Saldo migratorio per altri motivi: differenza tra il numero degli iscritti ed il numero dei cancellati dai registri anagrafici dei residenti dovuto ad altri motivi (regolarizzazioni anagrafiche).
Saldo migratorio: differenza tra il numero degli iscritti ed il numero dei cancellati dai registri anagrafici dei residenti.
Tasso migratorio interno: è il rapporto tra il saldo migratorio interno dell'anno e la popolazione media, moltiplicato per 1.000.
Tasso migratorio estero: è il rapporto tra il saldo migratorio estero dell'anno e la popolazione media, moltiplicato per 1.000.
Tasso migratorio per altri motivi: è il rapporto tra il saldo migratorio dovuto ad altri motivi (regolarizzazioni anagrafiche) dell'anno e la popolazione media, moltiplicato per 1.000.
Tasso migratorio netto: è il rapporto tra il saldo migratorio dell'anno e la popolazione media, moltiplicato per 1.000.
Tasso di crescita totale: somma del tasso di crescita naturale e del tasso migratorio netto Indice di dipendenza strutturale dei bambini. 
Rapporto percentuale tra la popolazione di 0-14 anni e la popolazione in età attiva (15-64 anni): indice di dipendenza strutturale degli anziani.
Rapporto percentuale tra la popolazione di 65 anni e più e la popolazione in età attiva (15-64 anni): indice di dipendenza strutturale.  Rappresenta il carico sociale ed economico della popolazione non attiva (0-14 anni e 65 anni ed oltre) su quella attiva (15-64 anni). 
Indice di vecchiaia: rappresenta il grado di invecchiamento di una popolazione. È il rapporto percentuale tra il numero degli ultrasessantacinquenni ed il numero dei giovani fino ai 14 anni.
Indice di ricambio della popolazione attiva: rappresenta il rapporto percentuale tra la fascia di popolazione che sta per andare in pensione (60-64 anni) e quella che sta per entrare nel mondo del lavoro (15-19 anni). La popolazione attiva è tanto più giovane quanto più l'indicatore è minore di 100.
Indice di struttura della popolazione attiva: rappresenta il grado di invecchiamento della popolazione in età lavorativa. È il rapporto percentuale tra la parte di popolazione in età lavorativa più anziana (40-64 anni) e quella più giovane (15-39 anni).
Famiglie: ai sensi dell'art. 4 del regolamento anagrafico si intende per famiglia "un insieme di persone legate da vincoli di matrimonio, parentela, affinità, adozione, tutela o da vincoli affettivi, coabitanti ed aventi dimora abituale nello stesso comune".
Convivenze: ai sensi dell'art. 5 del regolamento anagrafico si intende per convivenza "un insieme di persone normalmente coabitanti per motivi religiosi, di cura, di assistenza, militari, di pena, e simili, aventi dimora abituale nello stesso comune".
Popolazione residente nelle famiglie: numero di persone residente in famiglia.
Popolazione residente nelle convivenze: numero di persone residente in convivenza.
Numero medio di componenti per famiglia: rapporto tra la popolazione residente in famiglia ed il numero delle famiglie anagrafiche.

 

Dati rettificati:  I dati che non coincidono con quelli pubblicati precedentemente si intendono rettificati.

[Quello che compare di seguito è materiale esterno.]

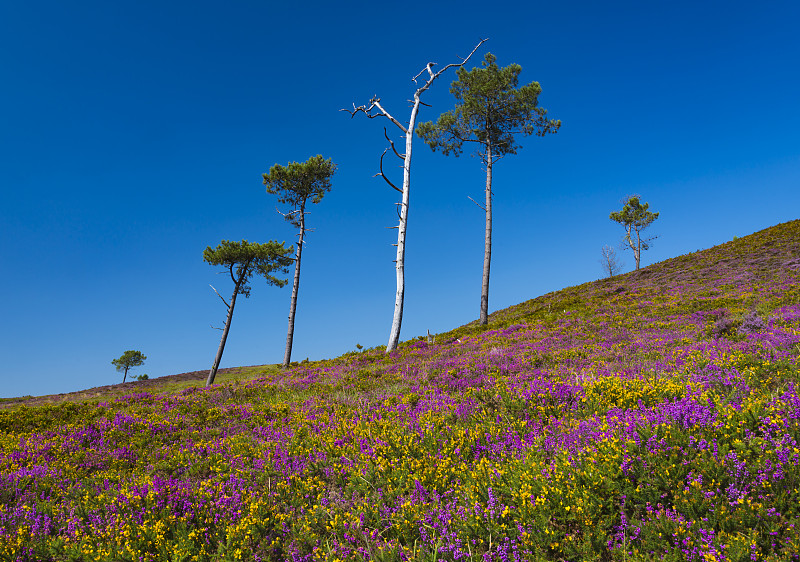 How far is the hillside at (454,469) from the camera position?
3223 mm

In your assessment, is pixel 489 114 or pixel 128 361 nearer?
pixel 489 114

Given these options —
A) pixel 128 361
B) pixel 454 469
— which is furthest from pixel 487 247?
pixel 128 361

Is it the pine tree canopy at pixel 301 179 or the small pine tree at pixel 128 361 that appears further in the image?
the small pine tree at pixel 128 361

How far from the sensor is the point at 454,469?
4.54 metres

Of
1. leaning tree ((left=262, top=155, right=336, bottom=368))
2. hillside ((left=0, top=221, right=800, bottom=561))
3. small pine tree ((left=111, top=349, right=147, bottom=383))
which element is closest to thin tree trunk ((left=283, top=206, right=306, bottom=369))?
leaning tree ((left=262, top=155, right=336, bottom=368))

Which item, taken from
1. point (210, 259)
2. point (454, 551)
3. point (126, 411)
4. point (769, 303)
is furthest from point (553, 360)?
point (210, 259)

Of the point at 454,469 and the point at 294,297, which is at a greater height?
the point at 294,297

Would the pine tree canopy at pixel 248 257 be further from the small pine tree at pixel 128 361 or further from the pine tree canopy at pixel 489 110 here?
the small pine tree at pixel 128 361

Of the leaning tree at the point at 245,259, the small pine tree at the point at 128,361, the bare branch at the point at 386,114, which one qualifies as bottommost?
the small pine tree at the point at 128,361

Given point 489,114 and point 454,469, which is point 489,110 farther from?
point 454,469

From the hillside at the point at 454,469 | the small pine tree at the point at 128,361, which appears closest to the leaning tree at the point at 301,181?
the hillside at the point at 454,469

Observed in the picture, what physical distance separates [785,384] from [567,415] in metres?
2.63

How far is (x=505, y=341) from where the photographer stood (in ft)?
46.7

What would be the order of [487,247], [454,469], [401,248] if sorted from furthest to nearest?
[487,247], [401,248], [454,469] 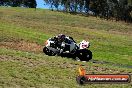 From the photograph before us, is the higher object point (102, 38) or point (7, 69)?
point (7, 69)

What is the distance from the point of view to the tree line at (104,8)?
118812 millimetres

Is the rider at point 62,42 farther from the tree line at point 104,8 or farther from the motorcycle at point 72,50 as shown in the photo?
the tree line at point 104,8

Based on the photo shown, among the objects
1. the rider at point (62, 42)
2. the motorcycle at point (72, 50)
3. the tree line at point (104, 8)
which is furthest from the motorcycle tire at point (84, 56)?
the tree line at point (104, 8)

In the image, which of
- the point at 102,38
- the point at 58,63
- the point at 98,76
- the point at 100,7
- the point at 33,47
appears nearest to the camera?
the point at 98,76

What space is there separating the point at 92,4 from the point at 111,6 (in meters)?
6.13

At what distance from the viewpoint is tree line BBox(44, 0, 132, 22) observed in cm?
11881

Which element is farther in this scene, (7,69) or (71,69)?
(71,69)

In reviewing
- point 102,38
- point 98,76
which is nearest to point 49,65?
point 98,76

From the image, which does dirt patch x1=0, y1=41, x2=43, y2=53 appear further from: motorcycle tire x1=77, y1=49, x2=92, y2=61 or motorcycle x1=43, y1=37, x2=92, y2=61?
motorcycle tire x1=77, y1=49, x2=92, y2=61

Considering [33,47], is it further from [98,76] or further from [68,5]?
[68,5]

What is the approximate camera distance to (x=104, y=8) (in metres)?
122

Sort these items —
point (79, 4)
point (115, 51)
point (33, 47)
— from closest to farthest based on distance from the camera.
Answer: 1. point (33, 47)
2. point (115, 51)
3. point (79, 4)

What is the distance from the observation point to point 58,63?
2217cm

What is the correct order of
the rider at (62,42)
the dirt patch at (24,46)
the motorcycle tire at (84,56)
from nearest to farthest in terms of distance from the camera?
the motorcycle tire at (84,56)
the rider at (62,42)
the dirt patch at (24,46) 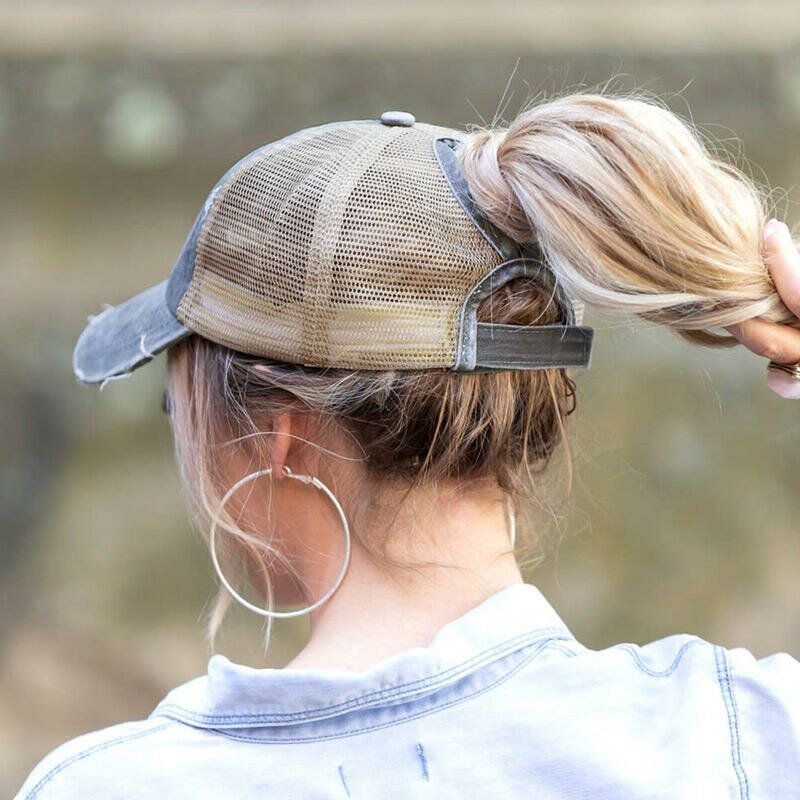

Utilizzo dei dati: È consentito avvalersi dei dati, purché ne sia indicata chiaramente la fonte.

Fonti

Provincia di Prato: Comuni di Cantagallo, Carmignano, Montemurlo, Poggio a Caiano, Vaiano, Vernio.

Quando non è diversamente indicata la fonte, i dati si riferiscono a rilevazioni eseguite direttamente dagli uffici comunali: 

  • Comune di Prato – elaborazioni Ufficio Statistica su Certificati anagrafici.